The feature matrices of the external audio signal and the internal audio signal are compared with each other through a DTW algorithm to judge the similarity of the two signals.
The video file of the picture annotation and pronunciation contains the graphic and text description of the voice correction method, and is matched with the voice explanation correction operation and the explanation real operation audio image.
The storage module also stores speech stream training materials, and the speech stream training materials are used for mandarin speech stream training.
The phonemes comprise vowels and consonants, and the syllables comprise initials and finals.
The vowels and consonants include six unit-tone vowels, eighteen complex vowel vowels and twenty-one consonant initials.

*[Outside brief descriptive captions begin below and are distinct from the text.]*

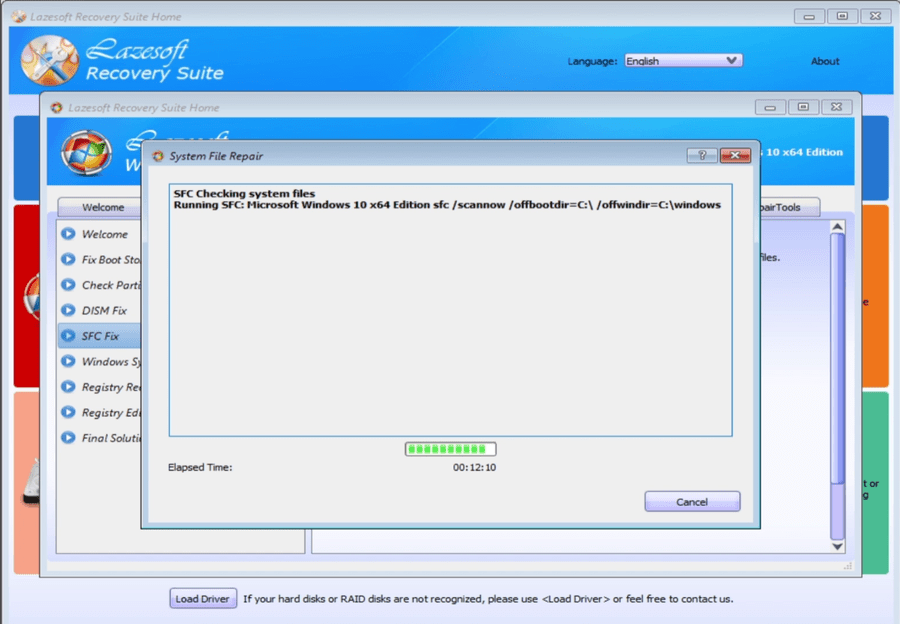 SFC scanning and repairing offline Windows 10 system files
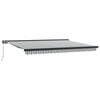 vidaXL Copertină retractabilă antracit/alb, 4,5x3 m, textil/aluminiu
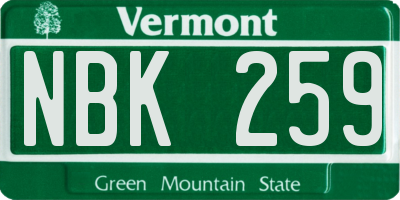 VT license plate NBK259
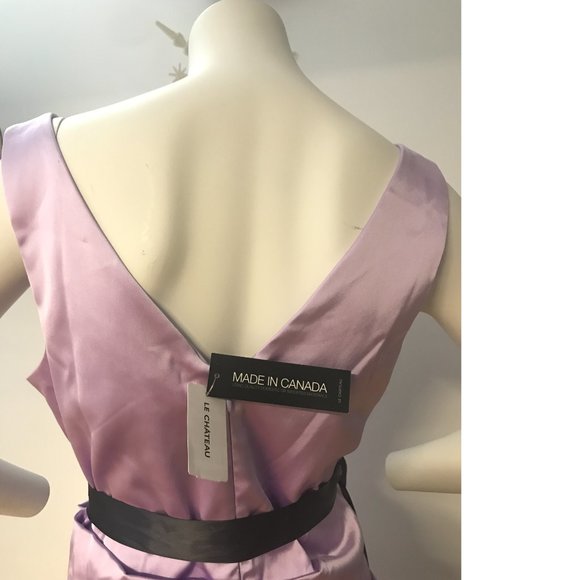 Le Chateau Stretchy Satin Lilac Lavender Bodycon Cocktail Wedding Formal dress - Picture 7 of 9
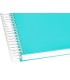 Cuaderno espiral liderpapel a4 micro crafty tapa forrada 120h 90gr cuadro 5mm 5 bandas 4 taladros color turquesa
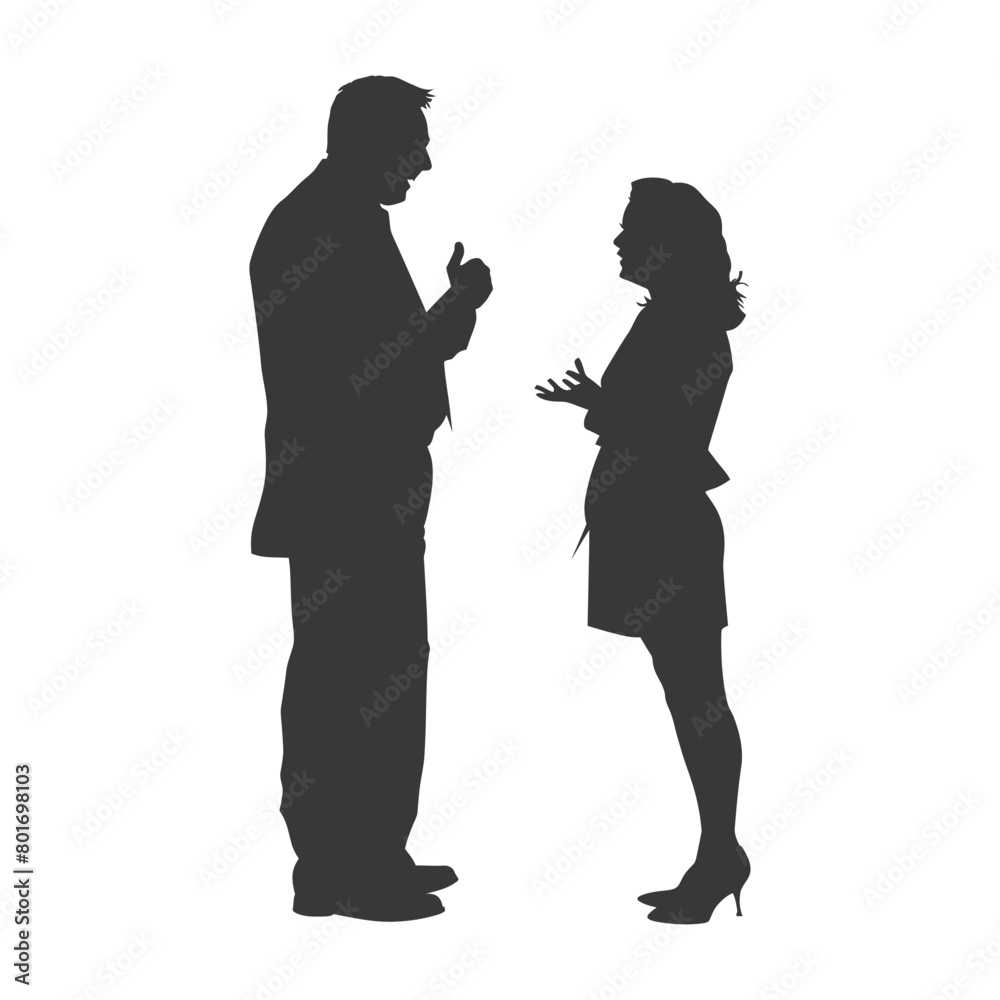 silhouette boss shouts at women employee full body black color only silhouette boss shouts at women employee full body black color only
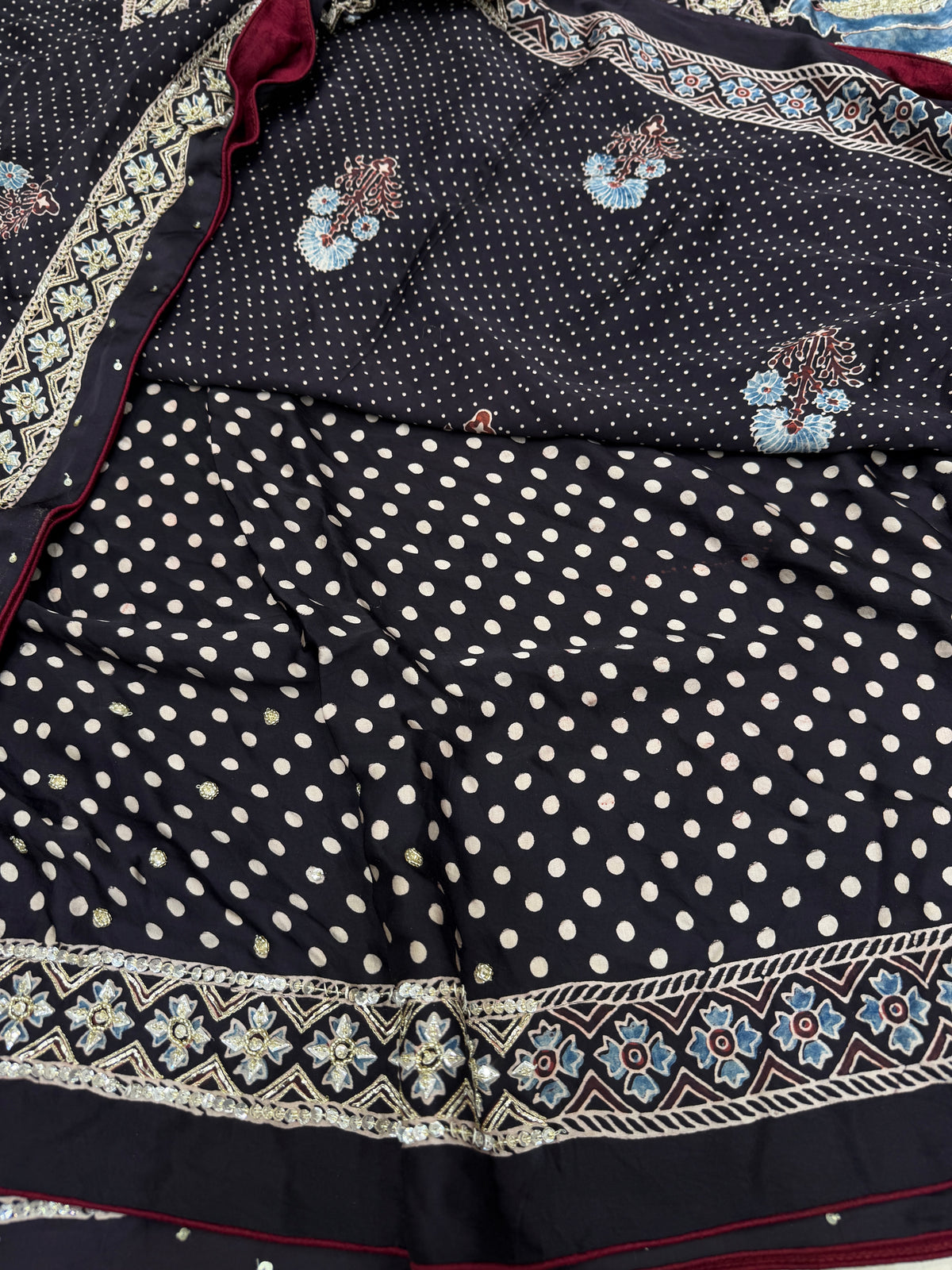 Black Buttas Pita Zardosi Sequin Ajrakh Hand Embroidery Saree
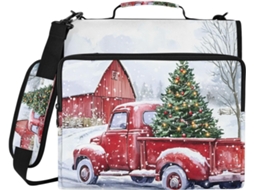 Caixa organizadora Árvore de Natal com 3 argolas, compartimento para laptop e bolsas resistentes à água.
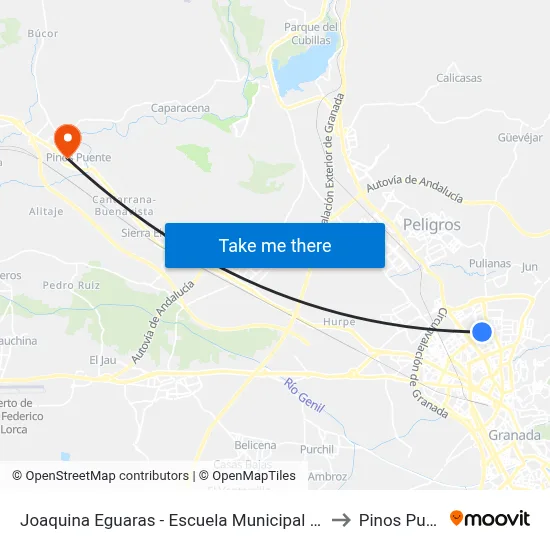 Joaquina Eguaras - Escuela Municipal Flamenco to Pinos Puente map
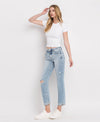 TUMMY CONTROL HIGH RISE CUFF SLIM STRAIGHT JEANS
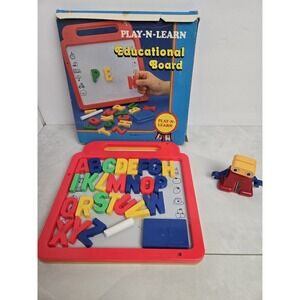 Vintage Magnetic And Chalk Play And Learn Toy Alphabet And Toy Pencil Sharpener
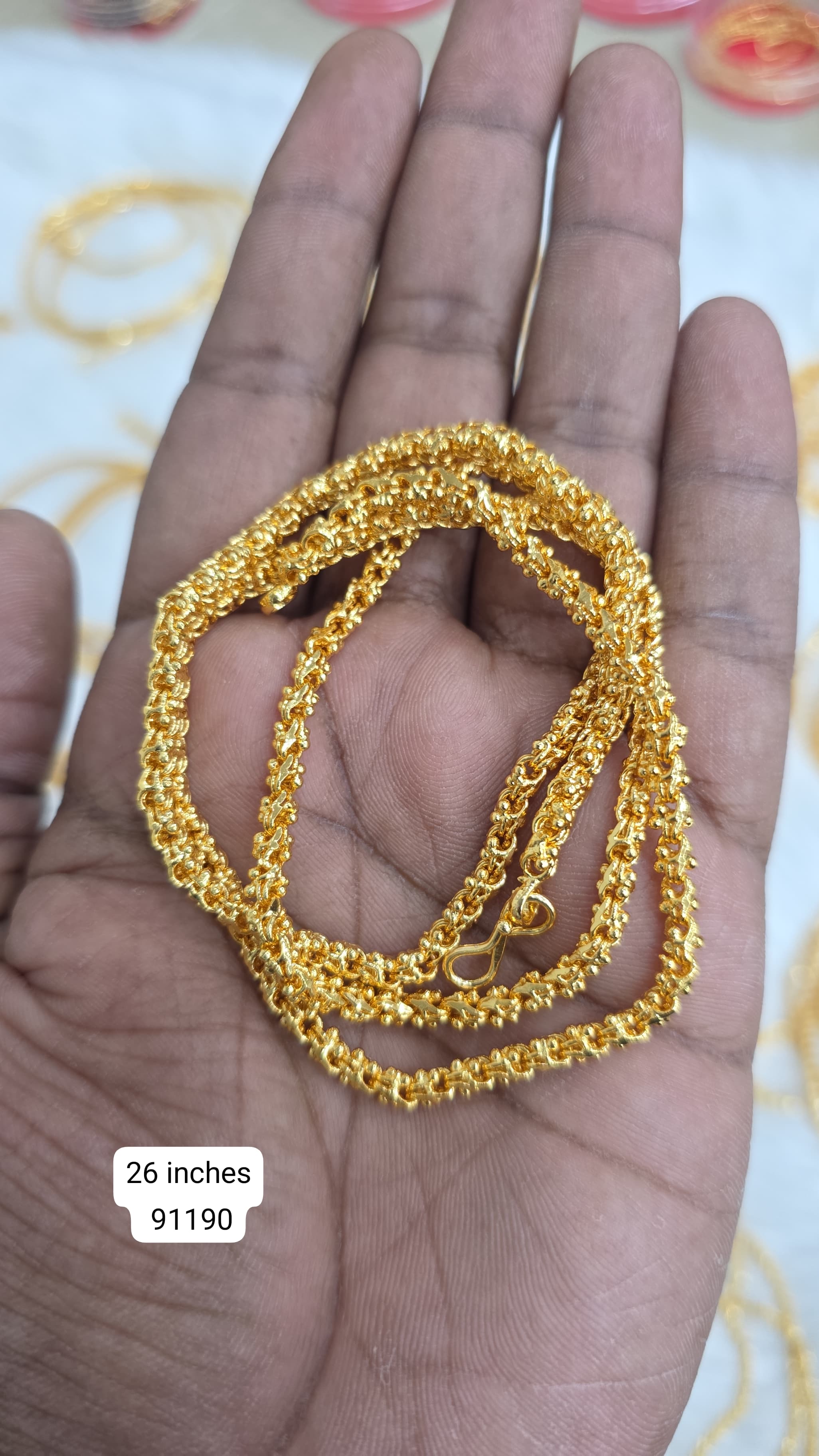 26 inches gold finish long chain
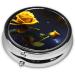 Yellow Roses Starry Night Round Pill Box | 3 Compartment Portable Travel Organizer | Ideal for International Shipping - Buy Online on GoSupps.com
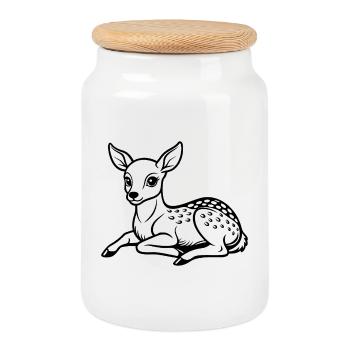 Bébé Cerf - Boîte à biscuits avec couvercle en bois - blanc - Devant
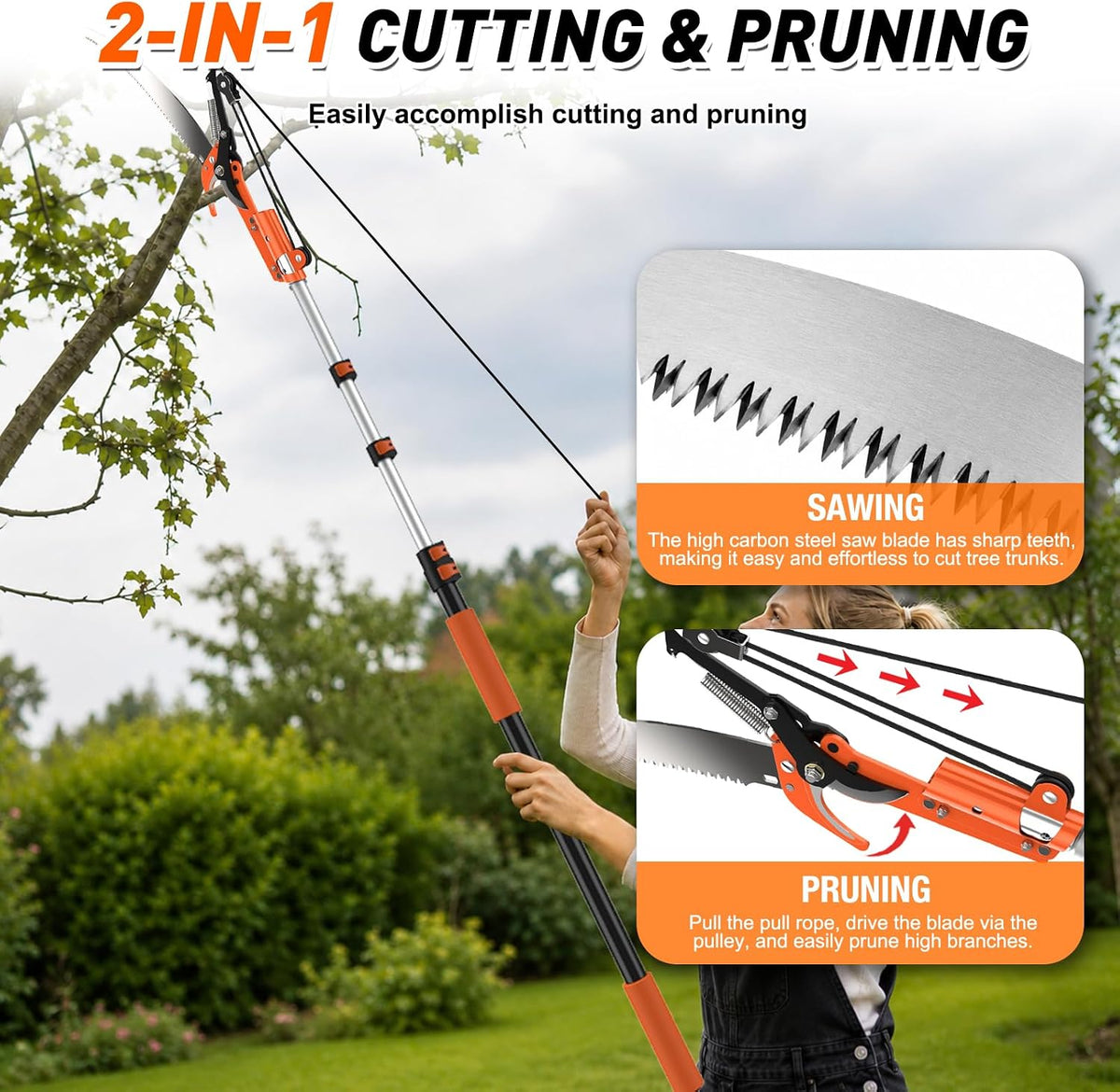 Telescopic Tree Pruner 6m Pole Saw Lopper 2 in 1 Extendable SISUPASSIE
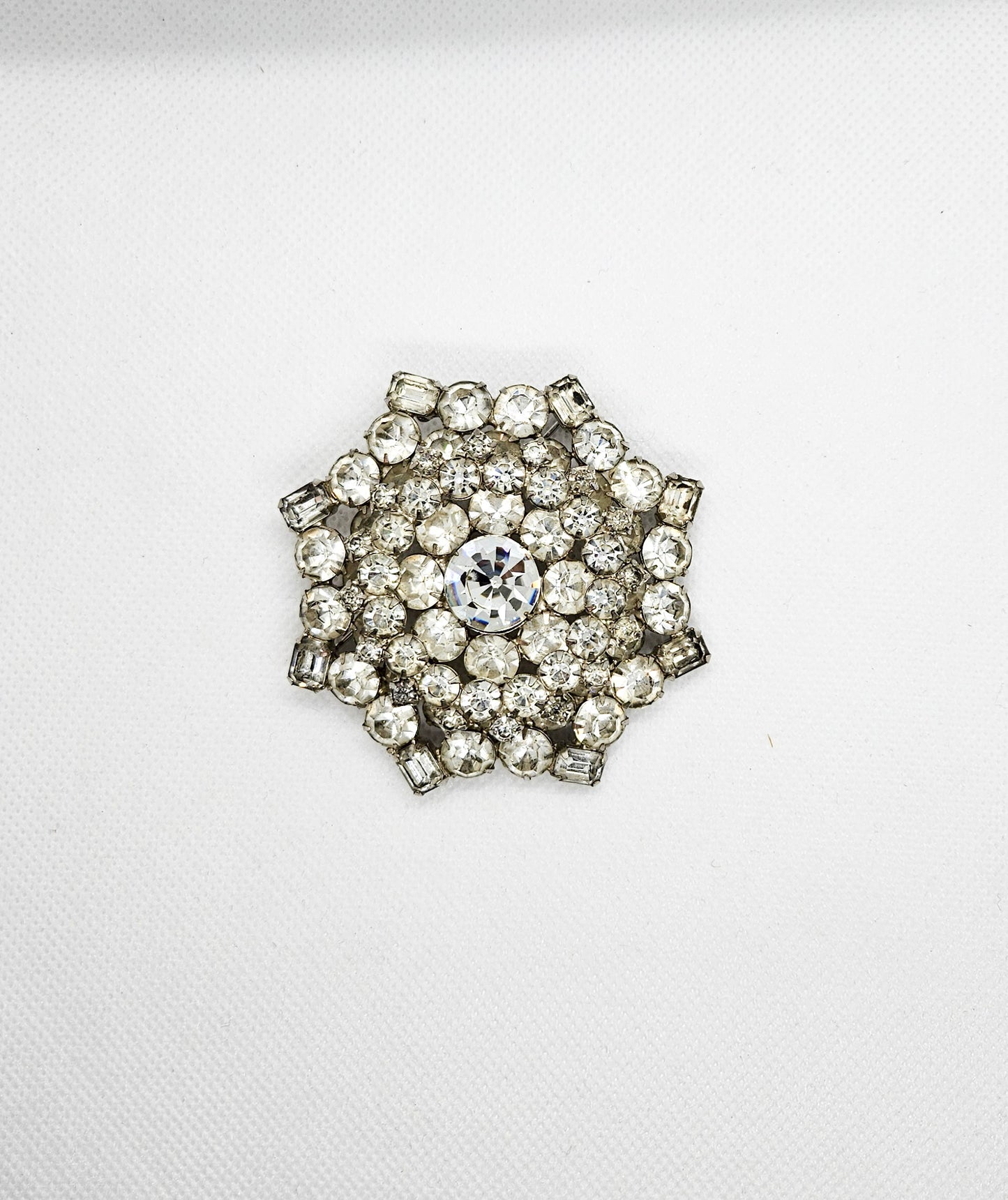 Glamorous Multidimensional Clear Rhinestone Statement Brooch Early 20th Century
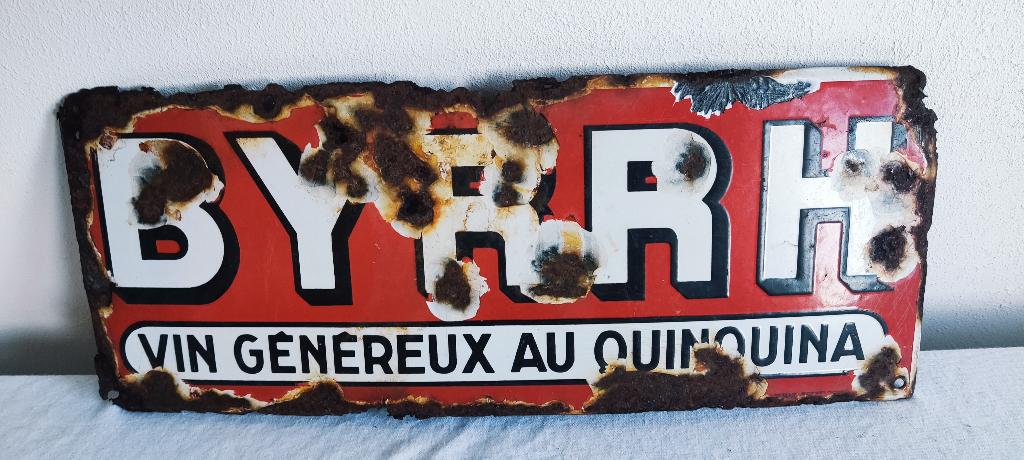 Emaille bord BYRRH, Ophalen of Verzenden, Reclamebord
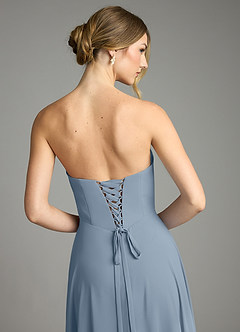 Azazie Ayla Abiti da Damigella Abito A-Line in Chiffon Scollo a Cuore Blu Polveroso image11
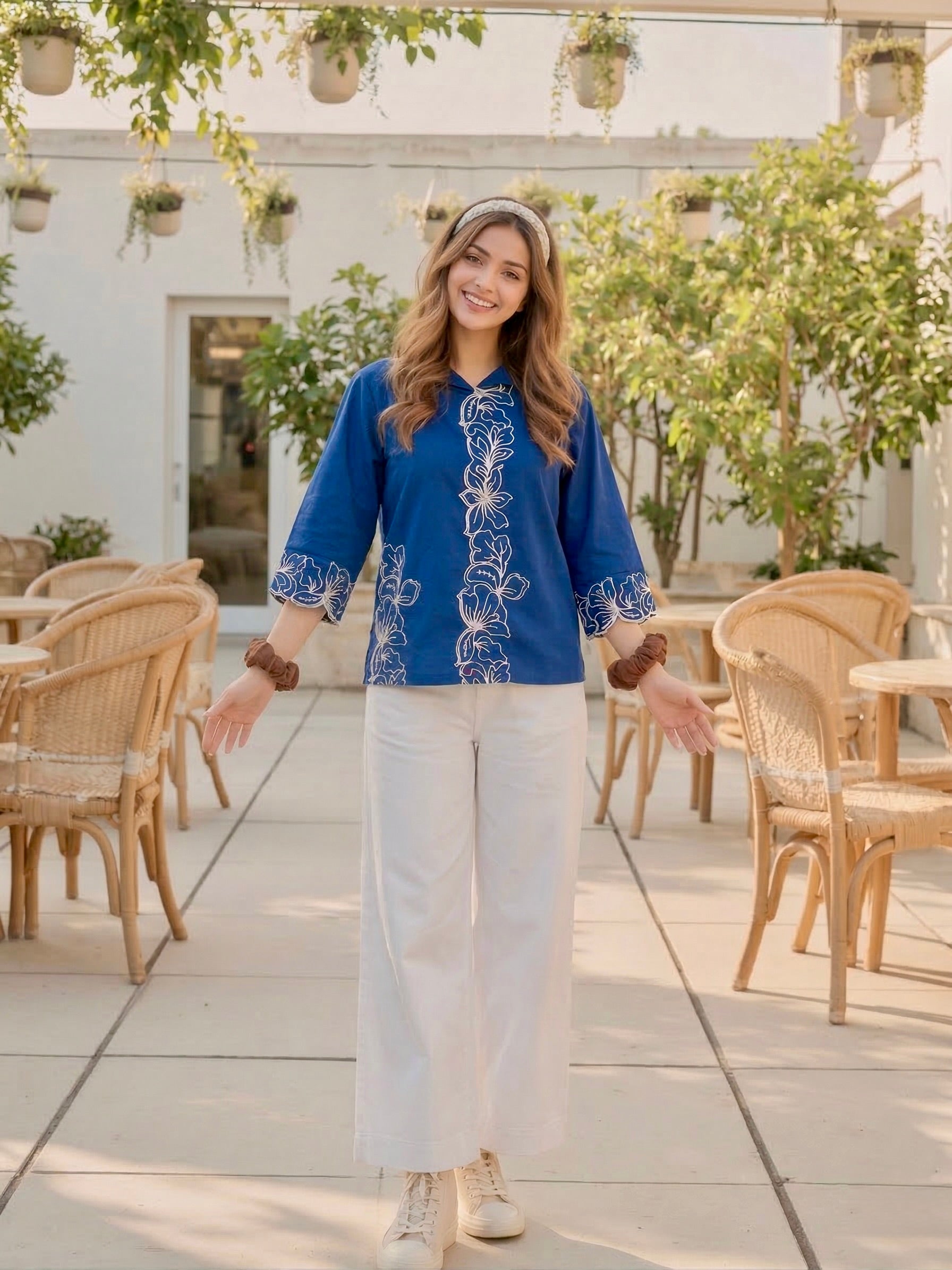 Blue Viscose Embroidered Regular Fit Shirt for Women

The working principle is as follows: the stored standard pronunciation audio is stored in a folder in advance, the database only stores respective paths of the standard pronunciation audio, the stored standard pronunciation audio is presented to a user for clicking one by one through a circular traversal method, when the user clicks and plays the corresponding audio, the stored standard pronunciation audio is heard, the user can read after hearing the corresponding audio, the system can record the voice spoken by the user and store the voice as an external audio signal, and simultaneously the clicked and played audio is recorded as an internal audio signal. The external audio signal and the internal audio signal are processed through Fourier transform and a window function to obtain an energy spectrum of an audio clip, the energy spectrum of the audio clip is extracted into chroma eigenvectors of each frame, and the chroma eigenvectors form a chroma eigenvector group, and finally respective feature matrixes are obtained. Then, the feature matrices of the external audio signal and the internal audio signal are compared for their similarity by the DTW algorithm, thereby judging the similarity of the two signals. After the comparison of the DTW algorithm, the external audio signal is used as a reference, the similarity is correspondingly recorded, a series of information is stored and generated, the accuracy of the pronunciation of the user is judged according to the fact that the value of the similarity reaches a given value, and finally an evaluation report information is formed and displayed to the user.
Wherein the language barrier assessment content comprises:
1. unit tone and vowel: a. o, e, i, u
2. Complex vowel and vowel: ai ei ui ao ou iu ie ue er
First nasal sound and final: an en in un u n
Last nasal sound: ang eng ing ong
3. Consonant consonants: lips sound b, p, m; lip and tongue tip pronunciations f, z, c, s; tongue tip medians d, t, n, l; tongue tip back sounds zh, ch, sh, r; lingual surface sounds j, q, x; tongue root sounds g, k, h.
Note: the correct pronunciations of the 6 unit tones and the finals, the 18 complex vowels and the finals and the 21 consonants are recorded and stored as the video file of the picture annotation and the pronunciations, and the user can follow the reading by referring to the correct pronunciations.
The language disorder correction contents include
Step one, dysarthria correction: phoneme (vowel and consonant) -syllable (consisting of initial and final) -the evaluation system re-evaluates syllable pronunciation until pronunciation criteria are correct;
1. correction of vowels and consonants: for 6 unit sounds and finals, 18 compound vowels and finals and the like and 21 consonants and initials, the specific voice correction method graphic description of each final and initial is recorded, and a user learns and corrects a wrong pronunciation mode by matching with voice explanation and correction operation and explanation of real operation voice images.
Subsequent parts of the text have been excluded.